As children are just beginning to learn phonetics, it makes sense that they would write words the way they sound phonetically — especially with a language like English, which has a lot of spelling rules that can be difficult to decode for little ones. Using invented spelling means that your child is learning to trust her ear and truly writing the sounds she hears.
Invented spelling with beginning writers is something to be celebrated, not corrected! Most of their writing will include what some would call “misspelled” words — but they’re not misspelled. They’re spelled just the way they sound, and that is how word building is meant to begin. Letter reversals and invented spelling are actually signs that your young child is right where she needs to be: becoming familiar with letter shapes and learning to trust her ear.
Trust the process, trust your child, and choose modeling over correcting every time. The understanding of conventional spelling will come with exposure and practice, but your child’s confidence in her ability to write will be diminished if you are constantly correcting or questioning her work. How would you feel if you worked really hard at something and then someone told you all the ways you messed up? Would you ever try it again? Don’t squash that urge to write just as it’s beginning.
So what do you do if…
…you can’t read what your child wrote with her invented spelling? Do your best. Remember that she wrote it phonetically, so go back to the basic sounds. Or ask her to read it to you!
…your child asks if she spelled it correctly? If she’s 6 and under, ask her to separate the sounds she hears and check if the letters she put match those sounds. “It looks like you heard all the sounds!” If she is over 6, show her how to look it up in the dictionary.

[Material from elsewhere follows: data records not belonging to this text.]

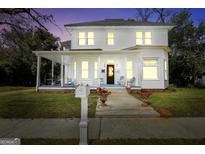 Charming two-story home featuring a welcoming front porch and beautifully landscaped front yard at 76 College St, Mcdonough, GA 30253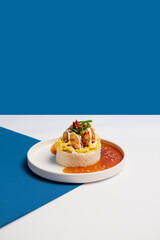 A serving of rice topped with soft scrambled eggs, crispy karaage chicken, special savory sauce, and fresh chili and scallion garnish on a minimalist white plate with a modern white & blue background.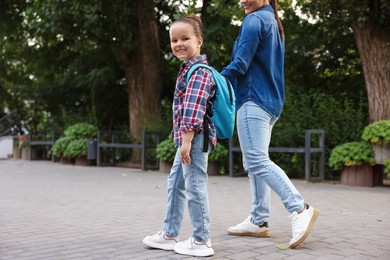 Photo of Mother taking her daughter to school outdoors, closeup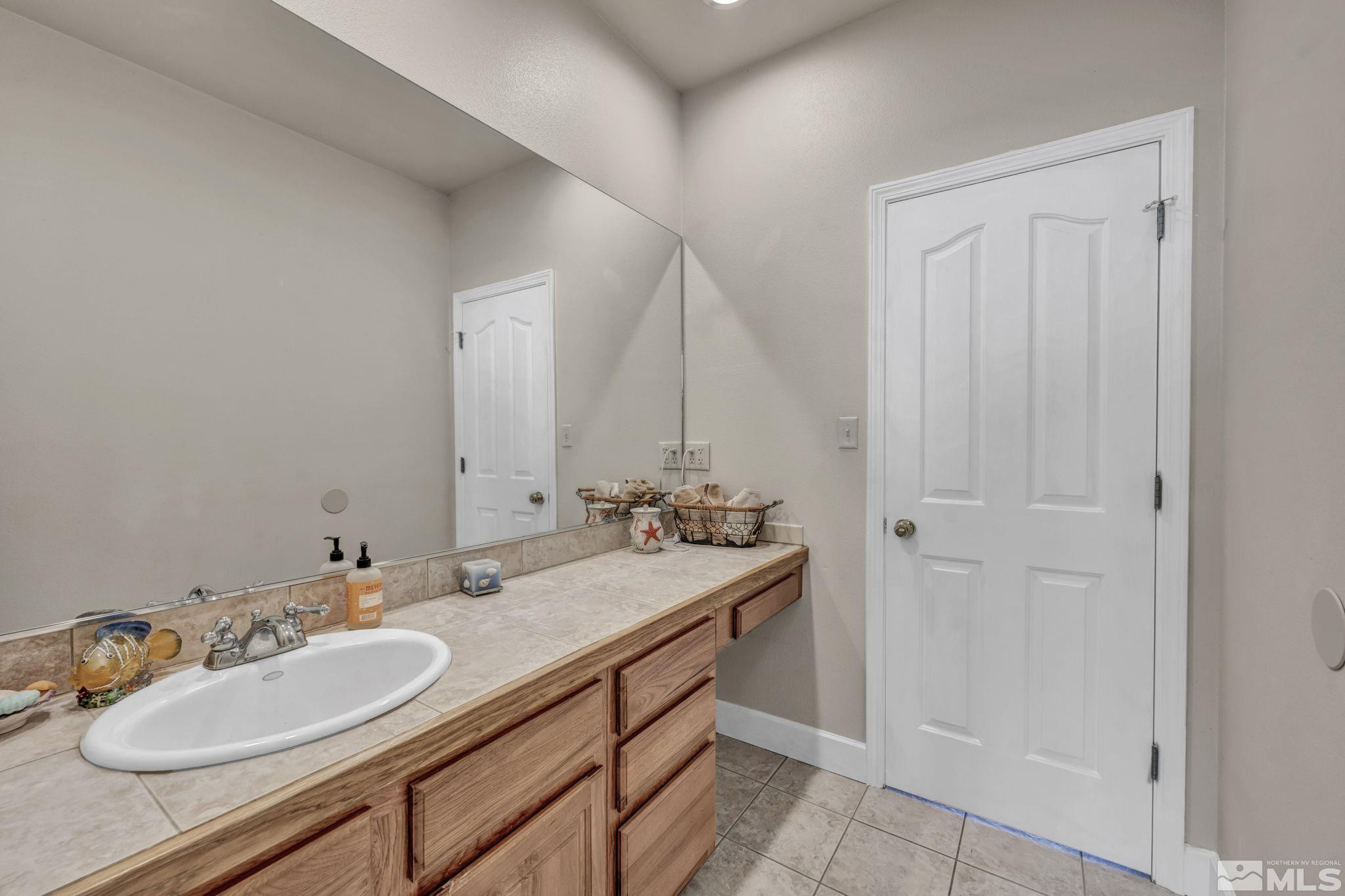 5650 South Allen Road Fallon, NV 89406 - Photo 16 of 40 a bathroom with a sink double vanity and a mirror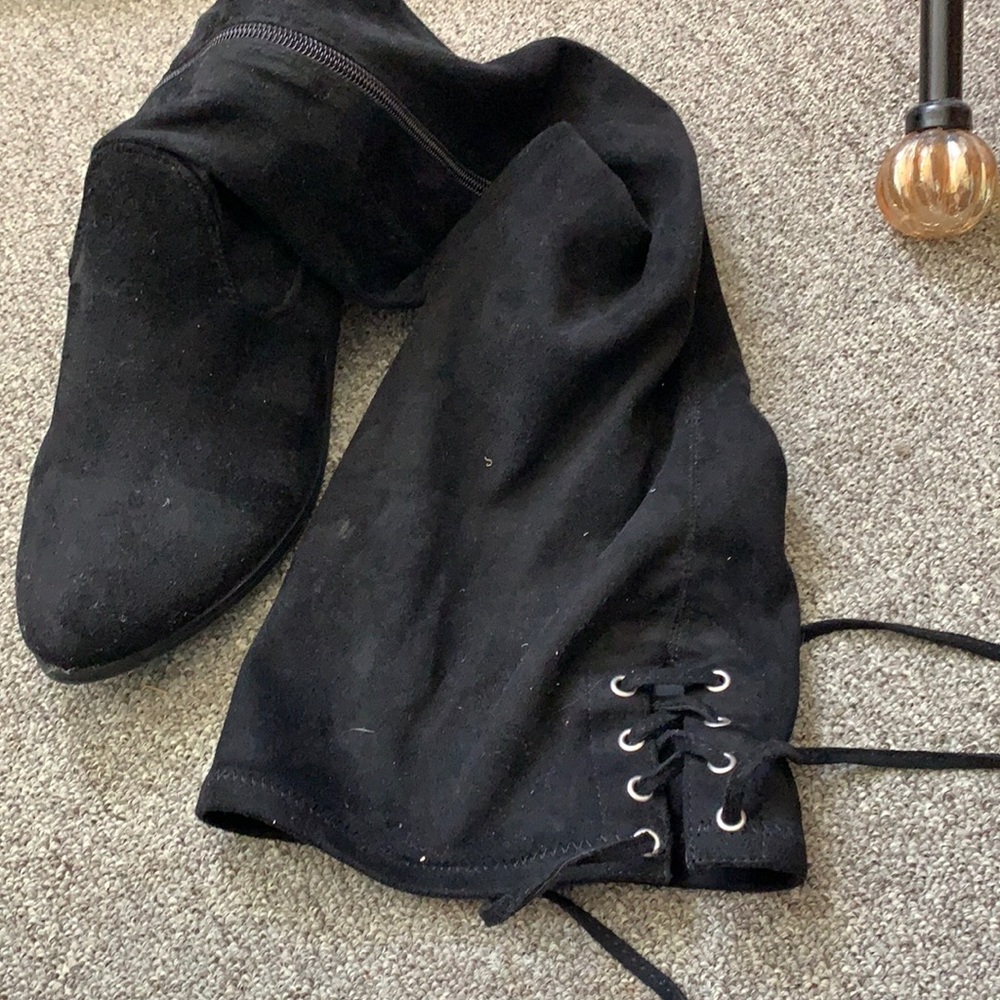 Tall black boots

…your child is using invented spelling over and over again and she’s over age 7? Once your child is a more fluent reader, you can begin introducing conventional spelling. If there’s one particular word that she just keeps spelling phonetically, show her that word in a book so she can begin to make the connection between the conventional spelling and that word. After age 7 is when most schools begin introducing lists of spelling words and teaching conventional spelling words, and that’s when it is more appropriate to work on conventional spelling over invented spelling.